La resolución supone un nuevo capítulo en la batalla judicial sobre el modelo lingüístico catalán. El recurso ha contado con la participación de Alejandro Huergo, catedrático de Derecho Administrativo de la Universidad de Oviedo, que colaboró en la defensa de la asociación recurrente. El propio Supremo ya había abierto en 2024 la vía para impugnar las instrucciones anuales de la Generalitat al reconocer que, pese a su naturaleza interna, producían efectos jurídicos frente a terceros.

La cuestión que debía resolver ahora el Alto Tribunal era si la doctrina consolidada según la cual el castellano no puede ser excluido como lengua vehicular de la enseñanza también resulta aplicable a la rotulación de colegios e institutos públicos y concertados. La respuesta es afirmativa.

La sentencia sostiene que el espacio físico de un centro educativo forma parte de la propia actividad docente y rechaza el argumento de la Generalitat de que la señalización constituye un elemento ajeno a la enseñanza. "La configuración de las instalaciones de los centros docentes son efectivamente el 'escenario' o el 'paisaje' de la actividad educativa", afirma el fallo, que añade que la lengua empleada en la rotulación "no es irrelevante para la enseñanza".

A partir de ese razonamiento, el Supremo concluye que impedir el uso del castellano en los carteles "incide negativamente sobre la lengua vehicular de la enseñanza" y vulnera el artículo 27 de la Constitución.

Además, el tribunal introduce un segundo argumento basado en la cooficialidad lingüística. Recuerda que el castellano es lengua oficial en toda España y que los carteles y señales de edificios públicos constituyen una forma de comunicación de la Administración con los ciudadanos, por lo que excluir el castellano tampoco resulta compatible con el artículo 3 de la Constitución y puede introducir una diferencia de trato contraria al artículo 14.

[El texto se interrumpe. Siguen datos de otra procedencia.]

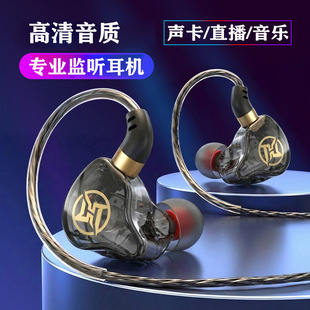 �������ñO ���C�o���о�늼����Pӛ����ֱ���֙C���ʽ�羳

"Una sentencia que no se va por las ramas"

Huergo considera que la resolución fija un criterio jurídico "muy claro". "Es una sentencia que no se va por las ramas y dice algo muy de sentido común. Si una lengua es cooficial, tiene que estar presente en la rotulación y, si es vehicular en la enseñanza, no se la puede excluir de los carteles ni del entorno físico en el que se mueven los estudiantes", señala el catedrático.

El Supremo corrige así el criterio mantenido por el Tribunal Superior de Justicia de Cataluña, que sí había anulado otros apartados de las instrucciones lingüísticas de la Generalitat, pero había considerado ajustada a derecho la referencia a que la rotulación de los centros fuera únicamente en catalán.

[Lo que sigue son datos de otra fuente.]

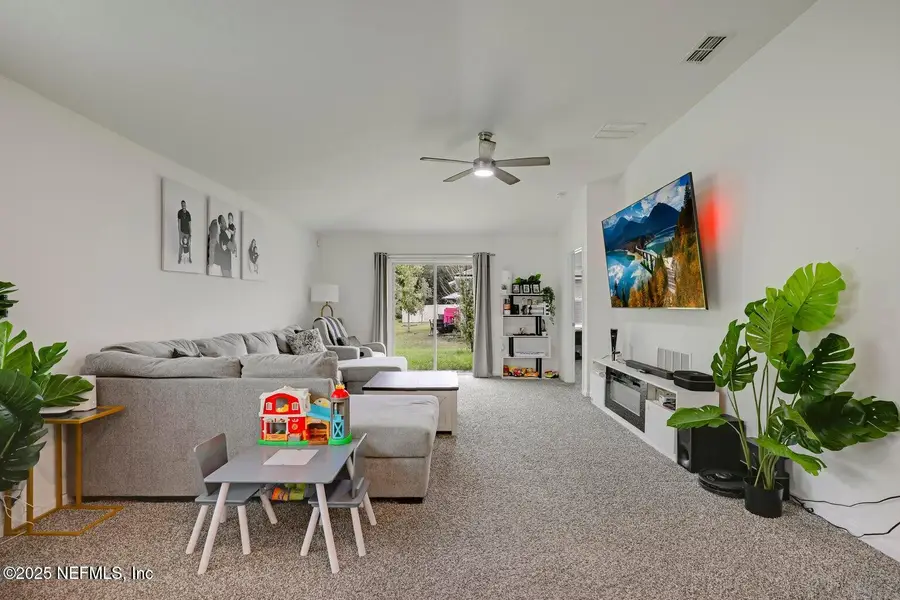 12633 Cacao Tree Trail, Jacksonville, FL 32218 - Image #2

Sin embargo, la Sala entiende que esa previsión suponía, en la práctica, una exclusión del castellano. "Por mucho que dicho documento no emplee el verbo 'prohibir' u otro equivalente, es indiscutible que prevé que la rotulación se haga solo en catalán; lo que comporta necesariamente excluir la posibilidad de hacerlo en castellano. Y esto, en la práctica, es lo mismo que una prohibición", razona la sentencia.

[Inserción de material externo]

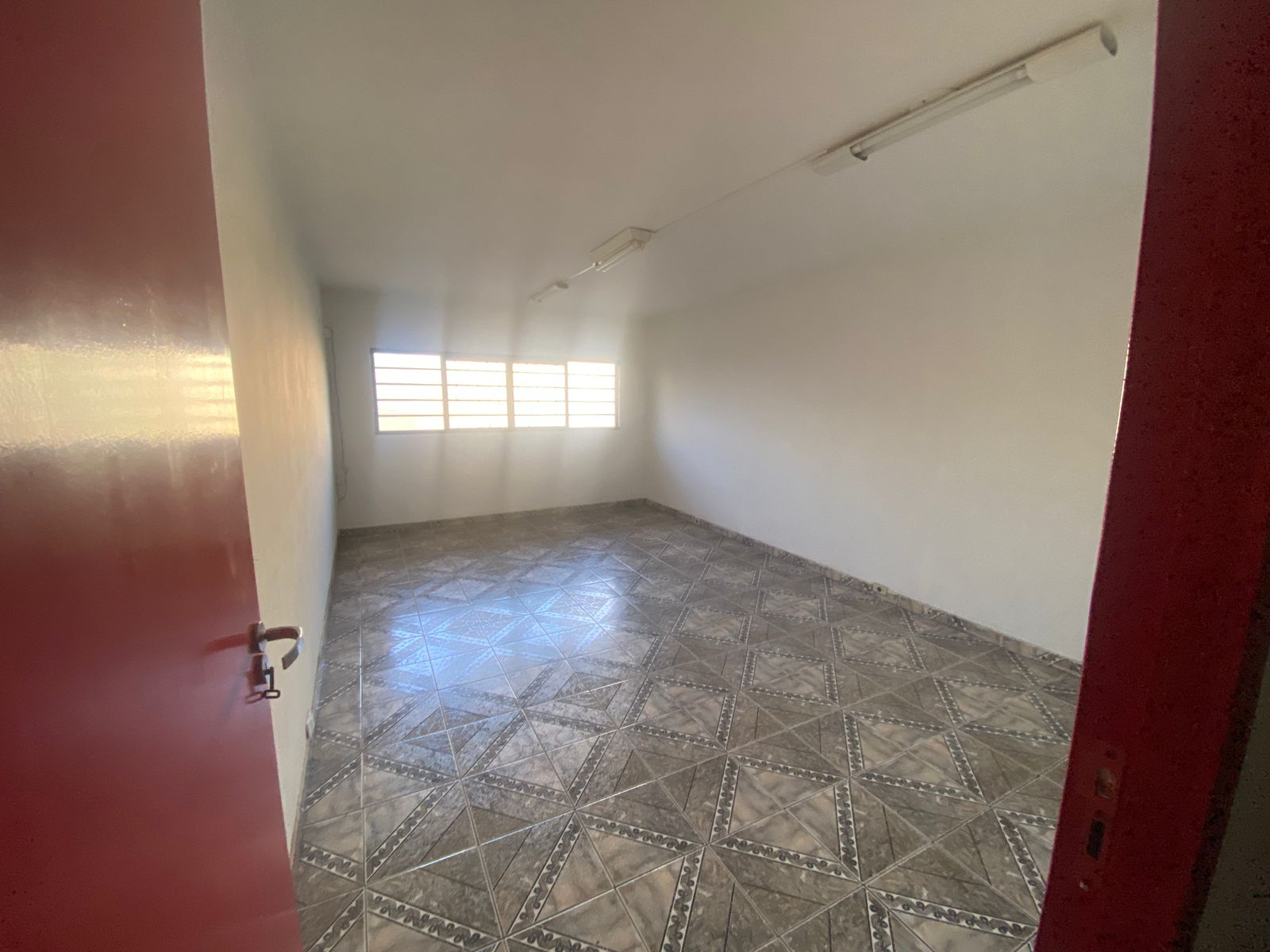 Imagens do imóveis SALA COMERCIAL PARA LOCAÇÃO - BAIRRO DOM BOSCO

La resolución anula expresamente el apartado de las instrucciones que establecía que "la rotulación de los espacios del centro es en lengua catalana" y que la presencia de otras lenguas en el espacio físico debía limitarse a las producciones del alumnado.

Para Huergo, la sentencia adquiere además mayor relevancia por el reciente pronunciamiento del Tribunal Europeo de Derechos Humanos sobre la enseñanza en castellano en Cataluña. El profesor recuerda que Estrasburgo rechazó el recurso presentado por varias familias contra el modelo del 25% de castellano y considera que esa resolución supone "un espaldarazo muy importante" a la doctrina que protege la condición del castellano como lengua vehicular. "La riqueza lingüística es algo muy positivo, pero las lenguas cooficiales no pueden utilizarse para operaciones de ingeniería social o para crear un monolingüismo artificial", afirma. A su juicio, la presencia del castellano en el sistema educativo catalán "se mantiene gracias a los recursos judiciales" promovidos por la Asamblea por una Escuela Bilingüe de Cataluña.